Kebakaran Mobil Listrik Hyundai & Kia: Penarikan Darurat, Pemilik Diminta Parkir di Luar Ruangan Sekarang!

Berita Nasional
Budi SantosoBudi Santoso
Budi Santoso
Budi Santoso
Pimpinan Redaksi

Jurnalis senior dengan pengalaman 15 tahun meliput isu politik dan berita nasional di Indonesia.

Kebakaran Mobil Listrik Hyundai & Kia: Penarikan Darurat, Pemilik Diminta Parkir di Luar Ruangan Sekarang!
BAGIKAN:

Jakarta, 13 Juli 2026 – Hyundai Motor Company dan Kia Corporation mengumumkan penarikan kembali darurat untuk sejumlah model kendaraan listrik (EV) mereka setelah menemukan cacat pada sel baterai yang dapat memicu korsleting internal dan kebakaran. Kedua produsen asal Korea Selatan ini menegaskan bahwa pemilik kendaraan yang terdampak harus segera membatasi pengisian daya hingga 80% dan memarkir mobil di luar ruangan, jauh dari bangunan dan kendaraan lain, hingga perbaikan selesai.

Menurut laporan CarsCoops pada 11 Juli 2026, masalah terletak pada elektroda yang tidak sejajar dalam sel baterai bertegangan tinggi. Pada Hyundai, enam unit Ioniq 5 tahun model 2023‑2024 teridentifikasi memiliki sel dengan elektroda miring. Pada Kia, tujuh unit EV6 tahun 2022‑2024 serta satu unit SUV EV9 tahun 2024 terpengaruh oleh cacat serupa.

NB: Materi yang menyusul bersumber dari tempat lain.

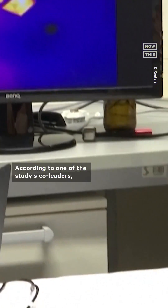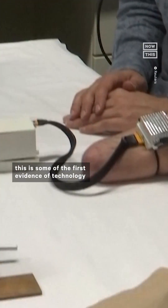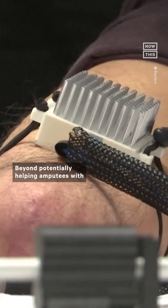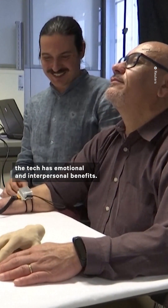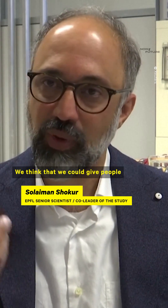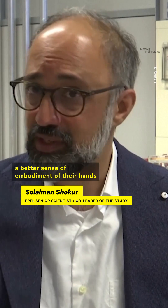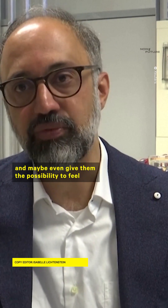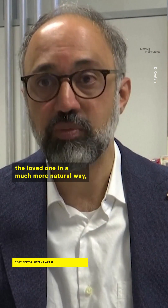According to one of the study's co-leaders, this is some of the first evidence of technology recreating the sensation of temperature on phantom limbs. Beyond potentially helping amputees with daily tasks such as cooking or showering, the tech has emotional and interpersonal benefits. We think that we could give people a better sense of embodiment of their hands, and maybe even give them the possibility to feel their loved one in a much more natural way.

Dokumen yang diajukan ke National Highway Traffic Safety Administration (NHTSA) mengaitkan penyebabnya dengan penyimpangan kualitas dari pemasok baterai SK On Co. Kia mengumumkan akan mengganti seluruh paket baterai yang berpotensi bermasalah, sementara Hyundai belum merinci prosedur perbaikan yang akan diterapkan.

Instruksi darurat yang diberikan meliputi:

  • Membatasi pengisian daya hingga 80% kapasitas baterai.
  • Memarkir kendaraan di luar ruangan, jauh dari bangunan, struktur mudah terbakar, dan kendaraan lain.
  • Menghindari penggunaan kendaraan sampai perbaikan selesai.

Pengumuman ini menambah daftar panjang recall kendaraan listrik global, termasuk penarikan 1.101 unit Toyota bZ4X di Australia dan lebih dari 40.000 SUV Volvo EX30 karena masalah baterai.

Analisis Pakar

Penarikan ini menimbulkan pertanyaan serius tentang kesiapan rantai pasokan baterai EV di tingkat internasional. SK On Co, sebagai pemasok utama bagi Hyundai dan Kia, tampaknya belum mengimplementasikan kontrol kualitas yang memadai untuk mengidentifikasi deviasi mikro‑struktur elektroda pada tahap produksi. Kegagalan ini bukan hanya menodai reputasi merek, tetapi juga mengancam kepercayaan konsumen di pasar yang masih berkembang, termasuk Indonesia.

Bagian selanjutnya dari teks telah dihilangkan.